By Jean Ann Berkenpas

Damian (5) and Lilja (9) with their mom Karita at the start of the hike up to McKirdy YORA Cabin. /SUBMITTED

Local parents Karita Hunt and Augusto Pardo are not letting the the chill of winter stop their family from enjoying outdoor adventures. This February they took their two children, 5-year-old Damian and 9-year-old Lilja, on their first winter backcountry trip. The family snowmobiled up to the top of the 5 Mile Road and the trailhead. From there they hiked the steep route to the McKirdy Meadows Cabin run by the Yellowhead Outdoor Recreation Association (YORA).

The trail is 6km long and climbs 500m, the equivalent of 151 storeys. It can be slow going in deep snow, even for physically fit adults. The trail is listed as “medium to hard” on the Valemount Trails website. Hunt and Pardo are experienced backcountry split-boarders. They carried the gear and the kids’ skis and board, while Damian and Lilja snowshoed.

Backcountry skiing and snowboarding is a sport with a notoriously steep learning curve.

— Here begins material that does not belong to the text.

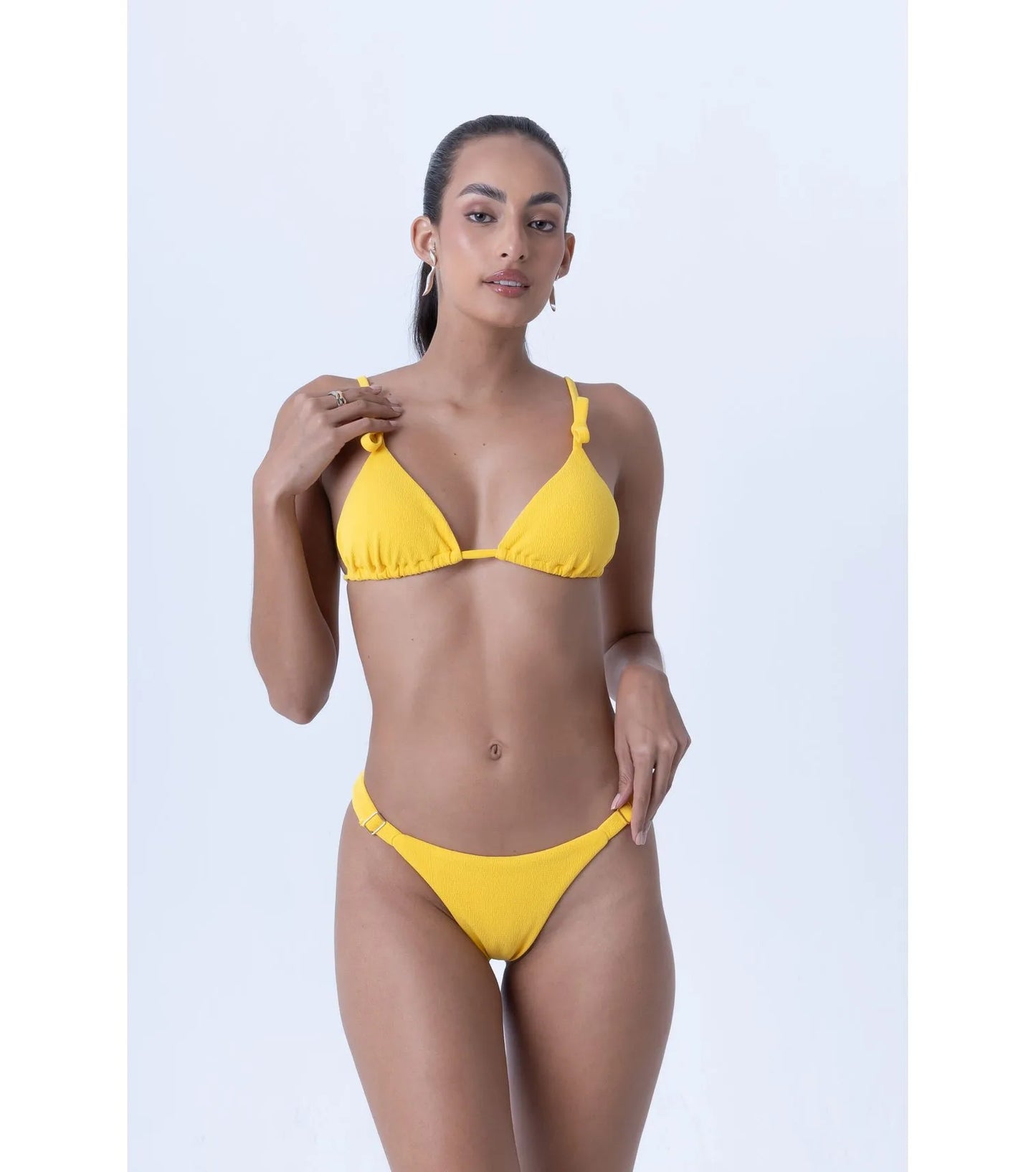 Bikini triangolo con fiocco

Most people are familiar with the challenges of learning to ski or board on a ski hill, with lift assistance for getting up and groomed runs for the way down. When learning in the backcountry there are added challenges of maneuvering in deep powder and the very significant effort to get up the mountain. Plus, there is the need to route find and manage gear and avalanche risks in varying winter conditions. It is no wonder that a small segment of the population undertakes this type of recreation. However, the rewards for such efforts make it well worthwhile.

“The kids were surprisingly stoked the whole way up. They asked how much further a few times, but did not complain about the hike.” said Hunt. The family adjusted their pace, bringing lots of yummy snacks to keep energised on the trail. They also enjoyed a proper lunch with spectacular views at the lookout.

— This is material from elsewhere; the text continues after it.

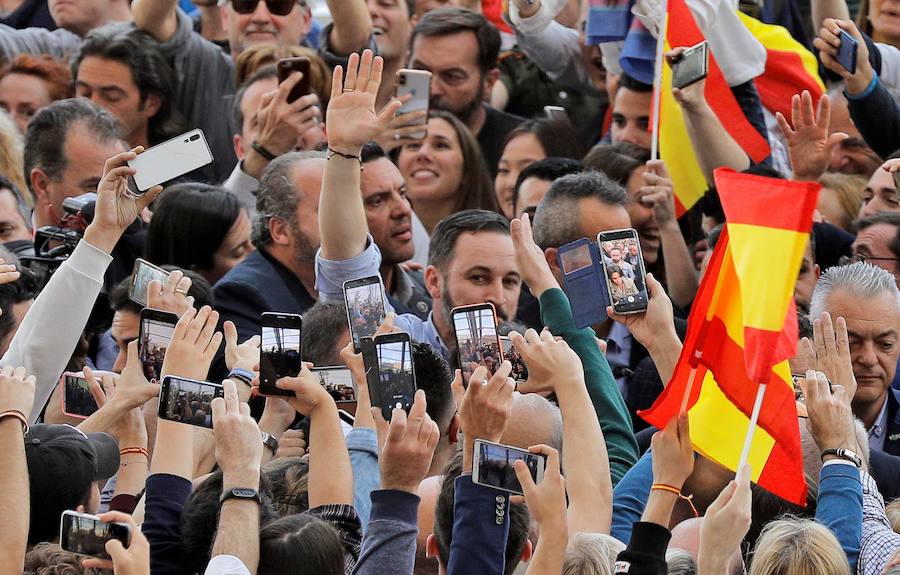 Miles de personas se dan cita en el Museo Príncipe Felipe para asistir al mitin de Vox con Santiago Abascal.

“Once we arrived at the cabin, it felt like the kids got a second wind and were so full of positive energy. It was awesome!” recalls Hunt. She and Pardo are obviously thrilled that their children are embracing the love of mountain adventure.

On the return trip down the mountain the family skied and snowboarded down the glades, a strip of mountainside where the trees have been thinned to allow for powder skiing. While it provides a safer, more enjoyable option than the dense trees, it can still be a challenge to maneuver the steep and sometimes tracked up terrain.

“For the trip down, we only had to hike to the top of the first hill then we all strapped in to our boards and Damian his skis.  We were able to ski/snowboard the whole way down and it went surprisingly fast. I was a little wary of the kids skiing the glades, but they pulled it off like champs,” said Hunt.

The family enjoys staying active together, through skiing and snowboarding on the groomed Five Mile Road after school. The road is closed to vehicle traffic in winter and YORA maintains it for skiing, boarding and tobogganing. The kids are out there almost every day after school, which has boosted their confidence and provided the foundation needed to undertake a backcountry trip. The kids also work out with mom and dad and occasionally do yoga. They have even entered a Spartan competition, which is an obstacle course race with options for beginners to elite athletes. Because the children are so active and have picked up on their parents’ passion for the outdoors, bigger trips together are a natural extension of family life.